Image-caption web data:
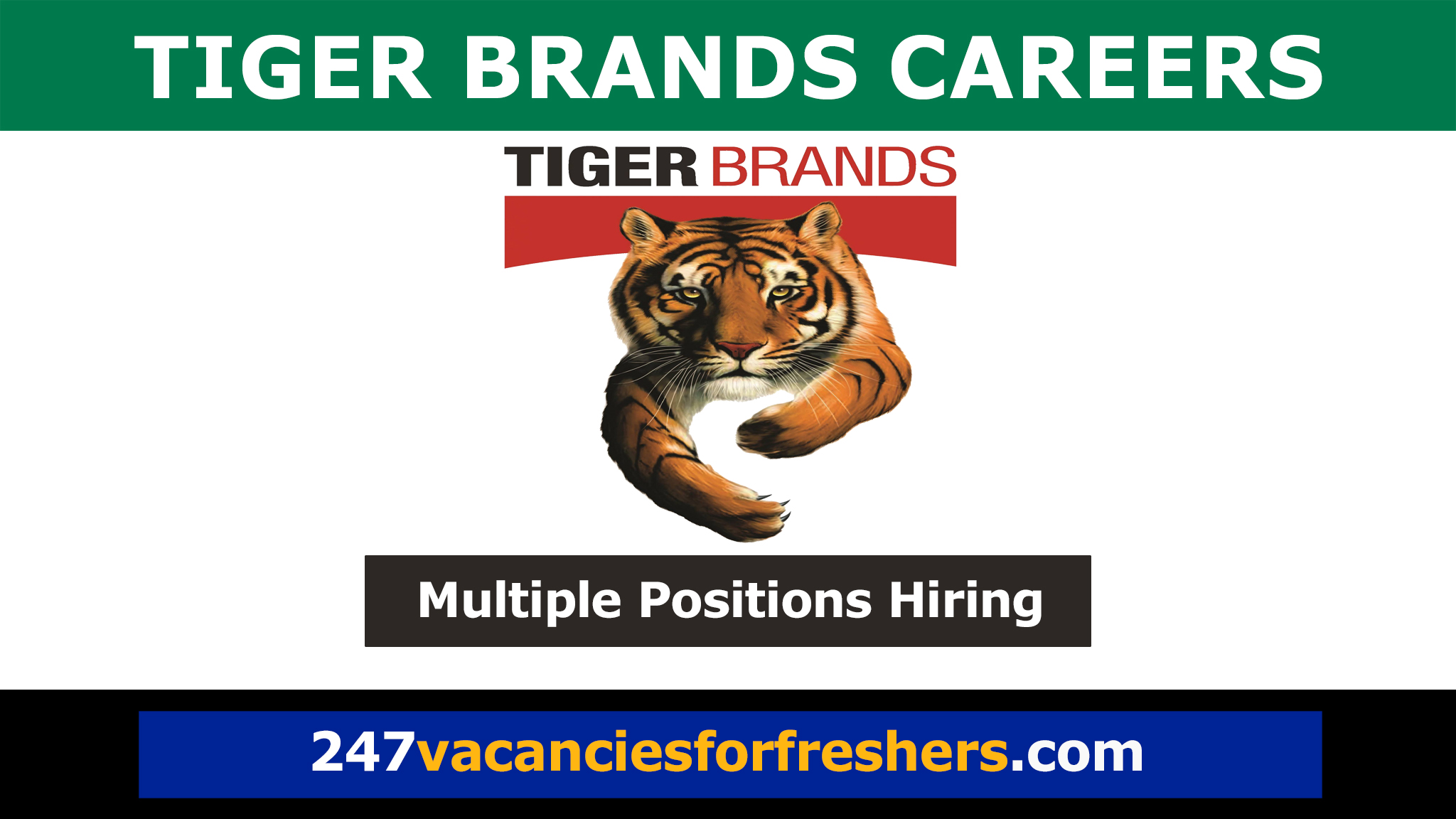 Tiger Brands Careers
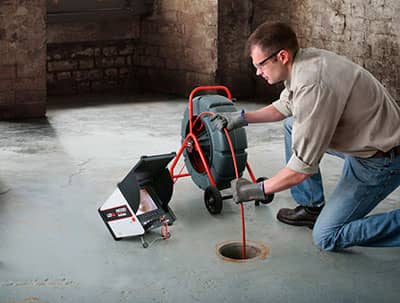 Plumbing Video Camera Inspection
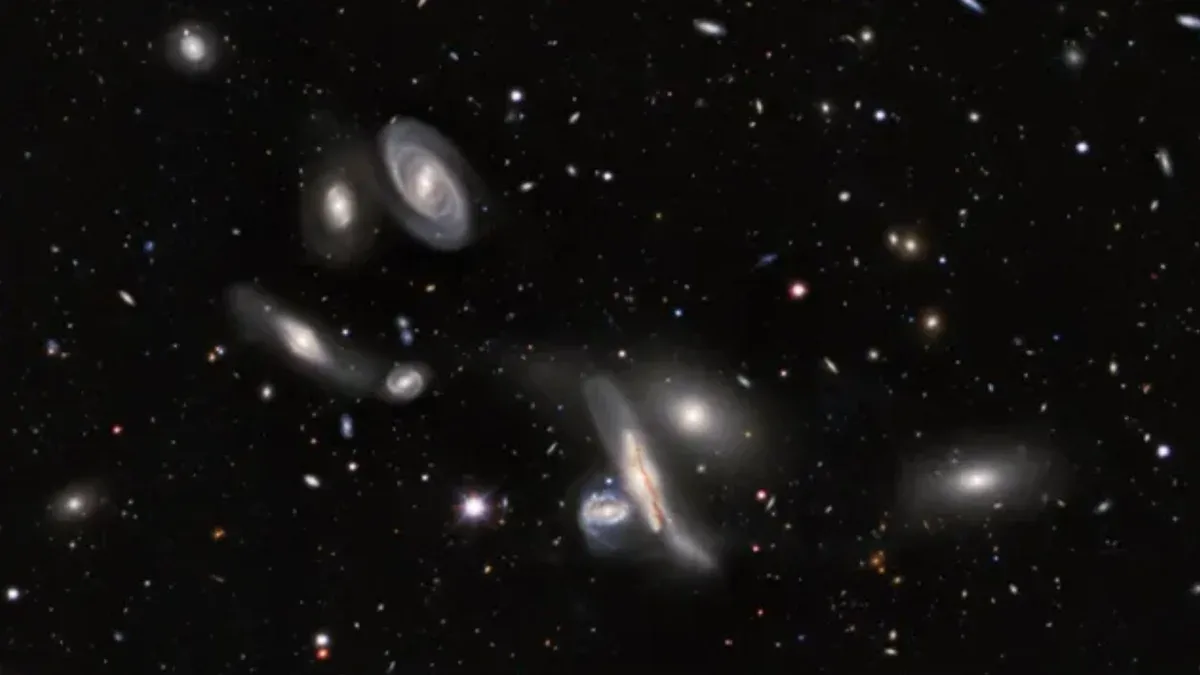 Cientistas unem 13 anos de imagens para criar o maior mapa do universo já feito em 2D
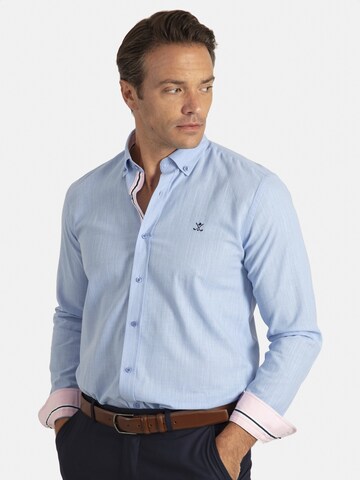 Sir Raymond Tailor Regular fit Overhemd 'Patty' in Blauw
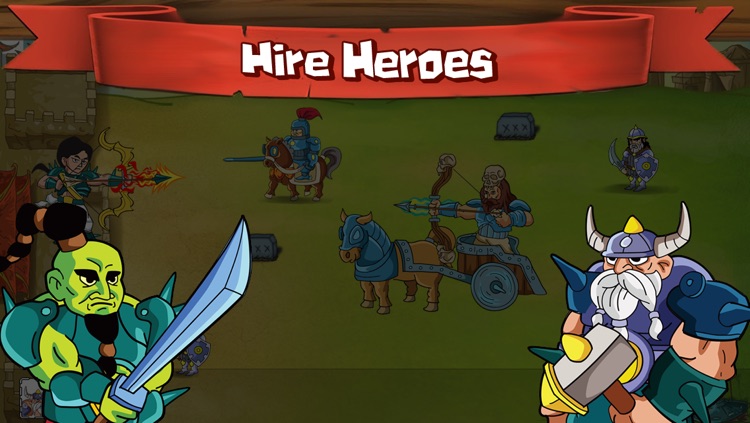Arjun the warrior :: Clash Of Clans version screenshot-4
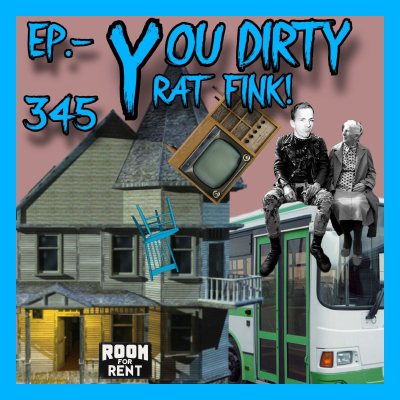 episode JFK ASSASSINATION - Ep. 345 - You Dirty Rat Fink! artwork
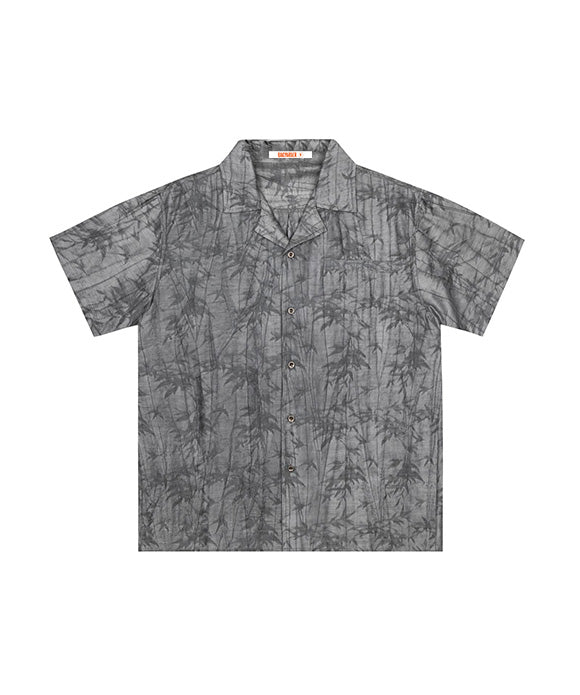 BAKYARDER Vintage Bamboo Leaf Shirt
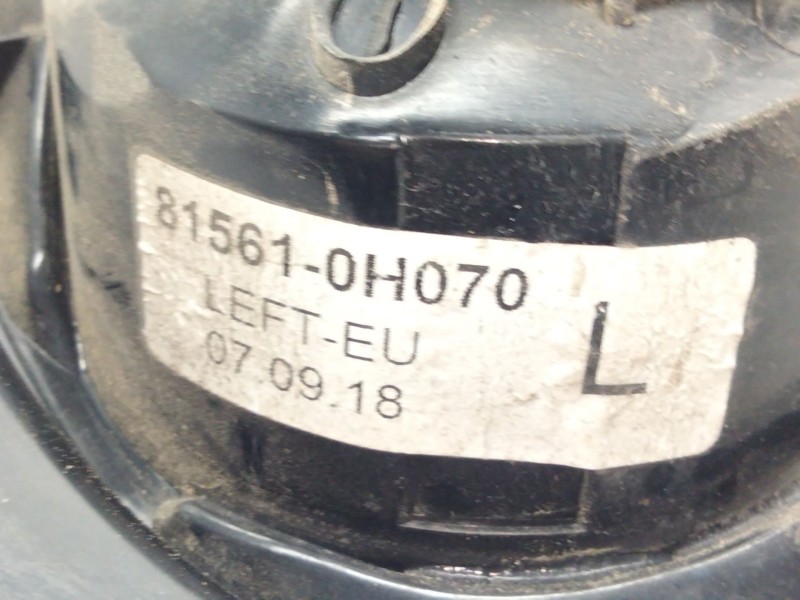 Recambio de piloto trasero izquierdo para toyota aygo (_b1_) 1.0 (kgb10_) referencia OEM IAM 815610H070  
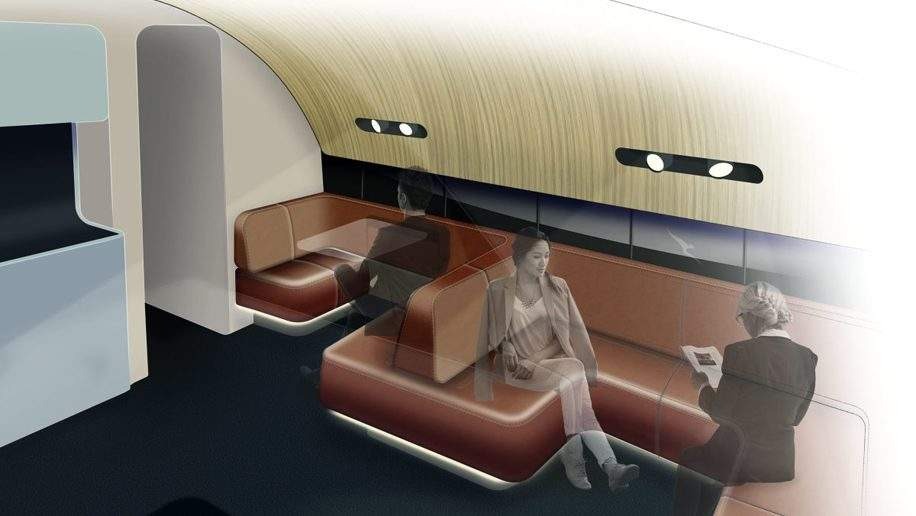 Qantas Airways a confié à Airbus la reconfiguration du pont supérieur de ses 12 Airbus A380.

**Task goal**
Extract every line of the data exactly; pictures stay out.

**Written solution**
 Tiger Brands Careers
 Plumbing Video Camera Inspection
 Cientistas unem 13 anos de imagens para criar o maior mapa do universo já feito em 2D
 Sir Raymond Tailor Regular fit Overhemd 'Patty' in Blauw
Arjun the warrior :: Clash Of Clans version screenshot-4
 episode JFK ASSASSINATION - Ep. 345 - You Dirty Rat Fink! artwork
 BAKYARDER Vintage Bamboo Leaf Shirt
 Recambio de piloto trasero izquierdo para toyota aygo (_b1_) 1.0 (kgb10_) referencia OEM IAM 815610H070  
 Qantas Airways a confié à Airbus la reconfiguration du pont supérieur de ses 12 Airbus A380.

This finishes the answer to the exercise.